WASHINGTON – The House is going to make another run at imposing more than $17 billion in taxes on major oil companies.
An aide to House Speaker Nancy Pelosi initially said plans were to take up the bill Wednesday, but after looking at a tight schedule it was decided to postpone action until likely next week.
Final numbers have yet to be worked out, but the legislation will mirror an energy tax package that passed the House last year. That legislation was abandoned as part of negotiations in December on a broader energy bill.
"Given this week's limited schedule, we wanted members to have more time to review the proposal," said Pelosi spokesman Drew Hammill.

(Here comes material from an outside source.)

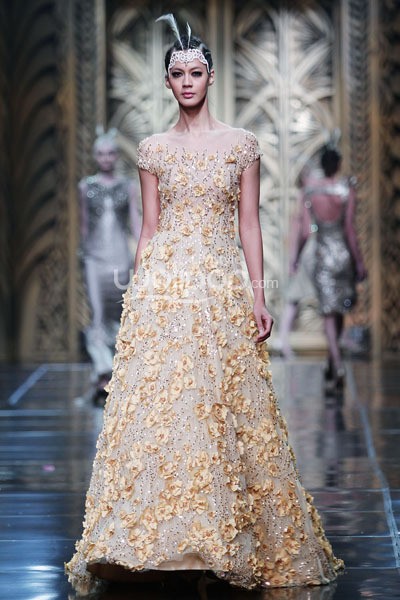 Sebastian Gunawan Trend Show 2014 MODMUSE at Ballroom Hotel Mulia. Senayan. Jakarta. 03 September 2013. [Foto: Mohammad Abduh/Wolipop]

The House Ways and Means Committee was crafting the final legislation, including $17.65 billion in taxes on oil companies over 10 years.
When pushed by Democrats last year, the tax measures — one that would rescind tax breaks on foreign oil production and another aimed at making domestic manufacturers competitive with foreign companies — prompted strong opposition from Senate Republicans and the White House. President Bush pledged a veto if the taxes were included.
After passing the House in August, the tax package was finally abandoned to get a major increase in automobile fuel economy and other energy measures approved and signed by Bush in December.
But congressional Democrats believe the oil taxes have a better shot this time, given the huge profits recently reported by the major oil companies for last year.
Exxon Mobil Corp. earned $40.6 billion in 2007, besting its own record for annual profits. Chevron Corp., No. 2 U.S. oil company, also had its best year ever in 2007, reporting a profit of $18.7 billion.
The new tax revenue would be used to pay for a wide range of tax breaks for the wind, solar and biofuels industries as well as to support energy conservation measures.